This is the mail archive of the
java@gcc.gnu.org
mailing list for the Java project.
Re: Exception causing insns in delay slots
- From: law at redhat dot com
- To: "John David Anglin" <dave at hiauly1 dot hia dot nrc dot ca>
- Cc: jason at redhat dot com, davem at redhat dot com, gcc-patches at gcc dot gnu dot org, mark at codesourcery dot com, java at gcc dot gnu dot org, dave dot anglin at nrc dot ca
- Date: Sat, 27 Apr 2002 09:24:21 -0600
- Subject: Re: Exception causing insns in delay slots
- Reply-to: law at redhat dot com
In message <200204262146.g3QLk4Hp007025@hiauly1.hia.nrc.ca>, "John David
Anglin" writes:
> Yes, the branch actually just updates iaoq_next. However, when a branch
> follows a branch, the second branch modifies the insn queue so that
> one insn at the target of the first branch is executed, then the flow
> transfers to the target of the second branch. This differs from what
> happens with the return pointer optimization where the effect doesn't
> take place until the return of the function called. You can create
> a two insn timer loop using this capability and there is a significant
> performance improvement on older machines without branch prediction.
>
> I still think that a branch in the delay slot of another branch (call)
> on the PA is not equivalent to the return pointer optimization (assuming
> the adjustment can be made).
Maybe this is your confusion. The return address twiddling isn't meant
to optimize a branch in the delay slot of the call, but instead a branch
after the call (and after the call's delay slot). Maybe code would be better.
Let's assume we have something like this before delay slot optimizations
are run:
bl foo,%r2
<delay slot>
bl newtarget,%r0
<delay slot>
We can arrange for the return from "foo" to resume execution at "newtarget"
by twiddling the value in %r2 in the delay slot of foo. It turns the code
into something like this:
temp:
bl foo,%r2
ldo newtarget-temp-8(%r2),%r2
Note carefully we are not trying to optimize the case of a branch in another
branch's delay slot. We do not generate such code to the best of my knowledge,
and such code is not generally useful (you get a single instruction executed
from the target of the first branch if I recall correctly). It's also the
case that anytime you have a branch in the delay slot of another branch all
predictions are turned off, so even if you could come up with an obscure way
to use this feature, it'd probably perform poorly, even on older HPs.

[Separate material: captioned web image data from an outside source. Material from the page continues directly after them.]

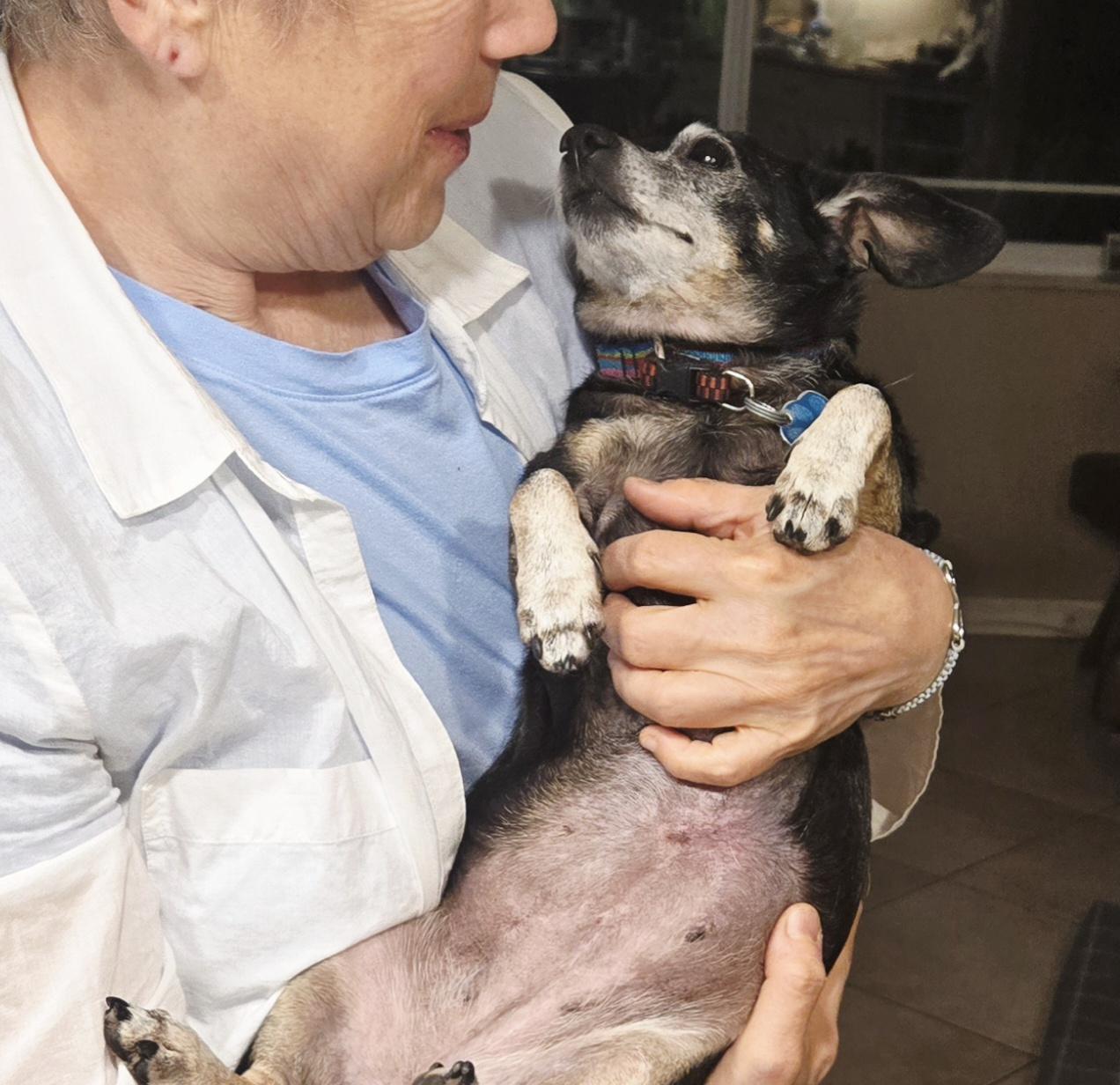 Lucy, a Adoptable mixed breed in Bradenton, FL image 2/6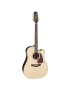 Takamine P5DC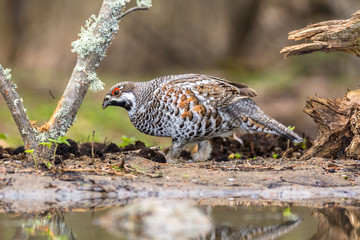 hazel grouse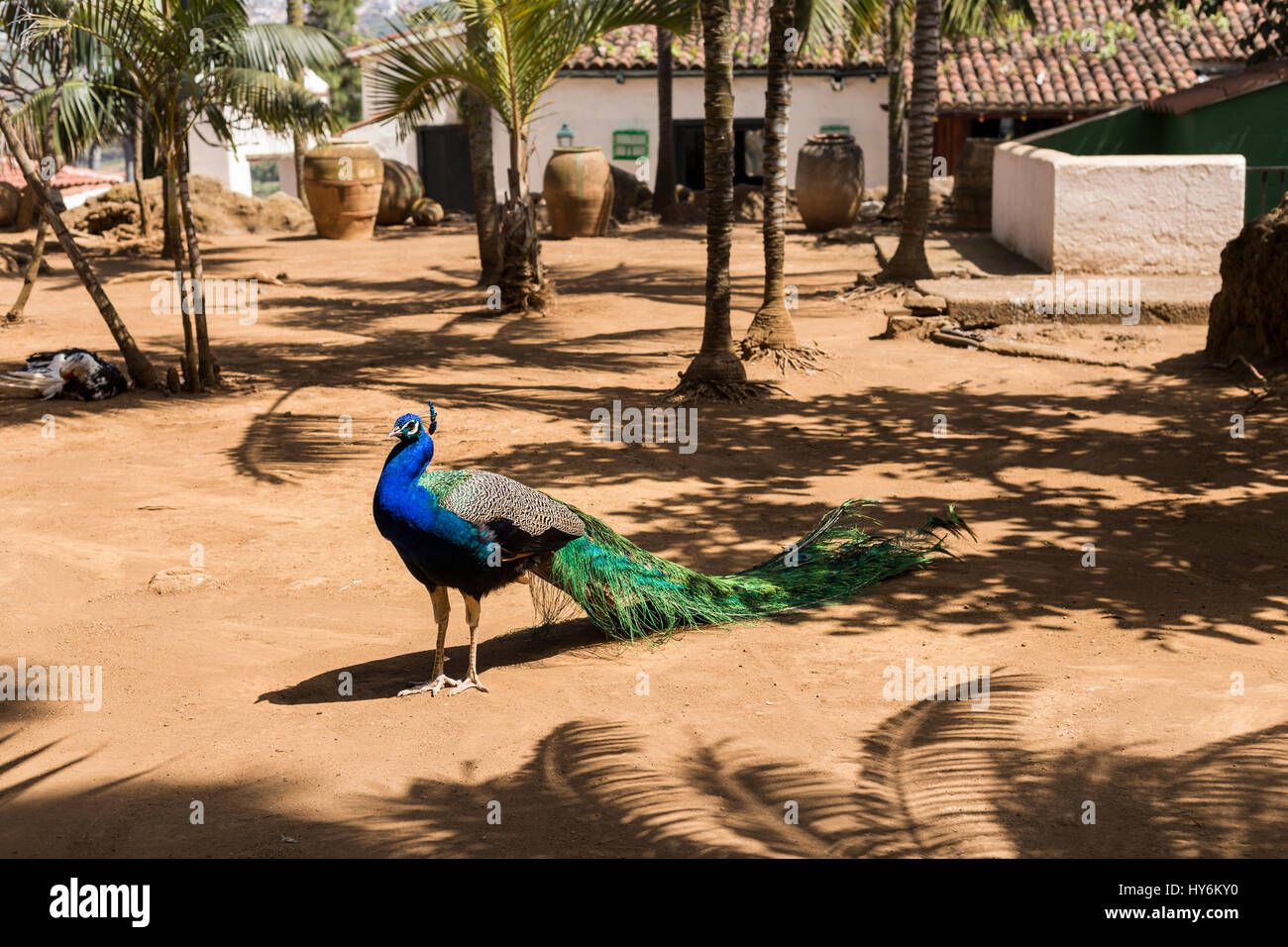 Peacock, Pavo cristatus, peafowl, uccello in un cantiere di sporcizia, Tenerife, Isole Canarie, Spagna Foto Stock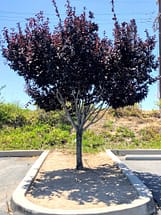 Purple Leaf plum tree in planter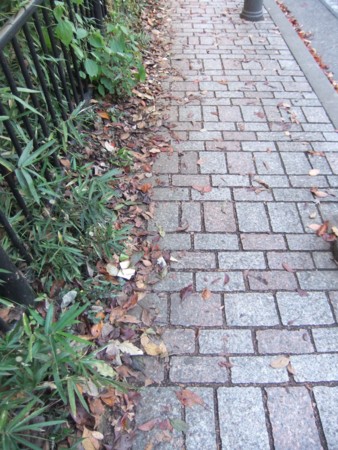 f:id:beatjw:20111211132253j:image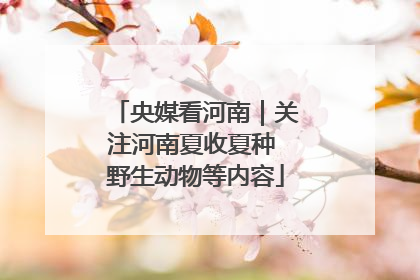 央媒看河南｜关注河南夏收夏种 野生动物等内容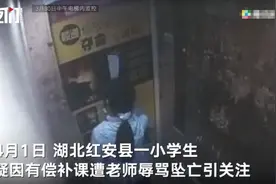 湖北一小学生疑遭教师辱骂后坠亡：回家时在电梯抹泪 官方成立调查组图片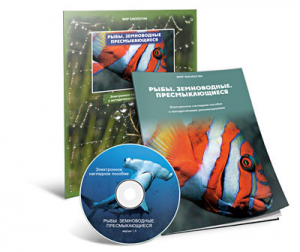 Электронное наглядное пособие «Рыбы. Земноводные. Пресмыкающиеся» - fgospostavki.ru - Махачкала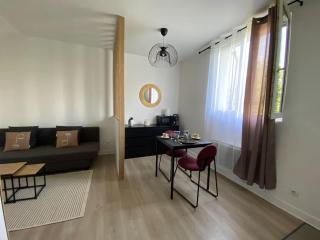 Joli Studio Lumineux et moderne - Champigny-sur-Marne - 1
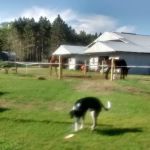 Ukarydee Equestrian Camping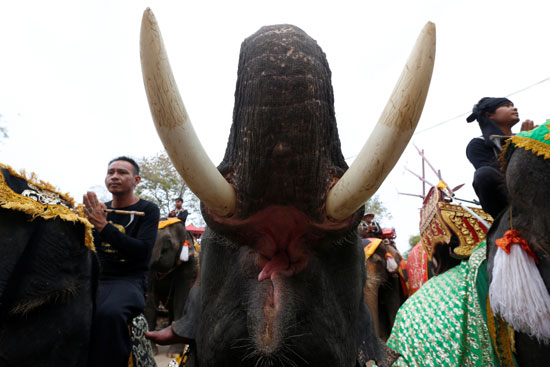 فيل يصدر النهيم خلال احتفالات اليوم الوطنى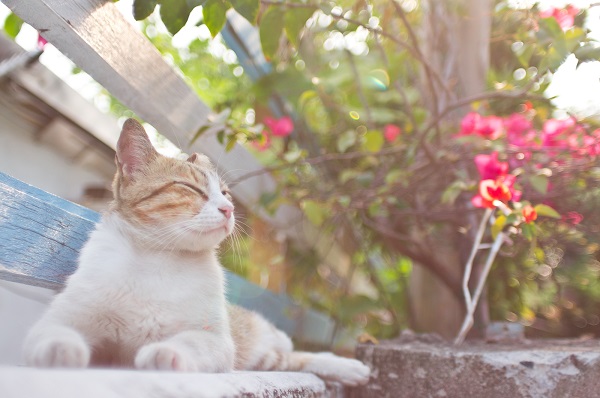 【自由的悠閒】幸福，就是在吃飽的午後曬毛吹涼風。午後斜陽伴隨涼爽清風，是否，真的要有個家？　林漢龍/攝‧窩窩/提供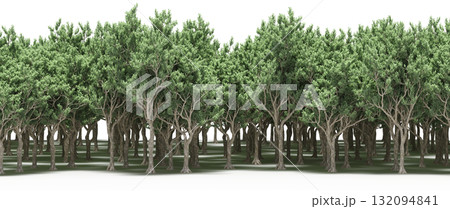 forest line with shadows under the trees, isolated on transparent background, 3D illustration, cg render forest line with shadows under the trees, isolated on transparent background, 3D illustration, cg render 132094841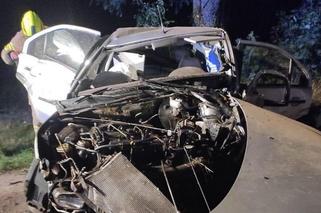 Śmiertelny wypadek pod Tomaszowem Lubelskim! 31-latek zginął w zmiażdżonym fordzie [ZDJĘCIA]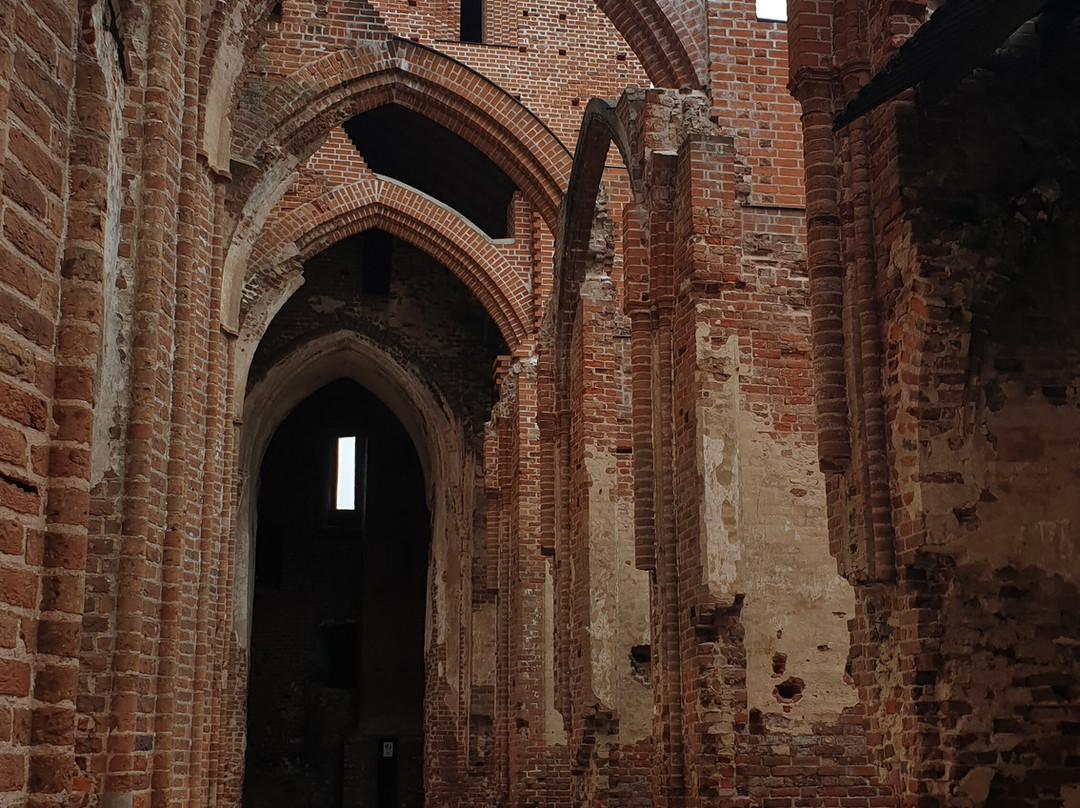 Tartu Cathedral-塔尔图必去景点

> > call/return stack for predicting branches. This is why we disable it
> > anytime
> > we're optimizing for a PA8000 or newer machine.
>
> I looked at output_call again and I couldn't see that this is disabled
> for PA8000 or newer machines. In the dw2 testing, we were definitely
> getting unconditional branches in the delay slot of calls on PA8000
> or newer machines.
It's handled elsewhere -- output_call is way too late to catch this. You
have to prevent reorg from filling the delay slot of the call with the
return address adjustment.
Also remember, this is controlled by optimizing for the PA8000 (-msched=8000).
If you didn't use -msched=8000, then you'd still get the return pointer
adjustments.
jeff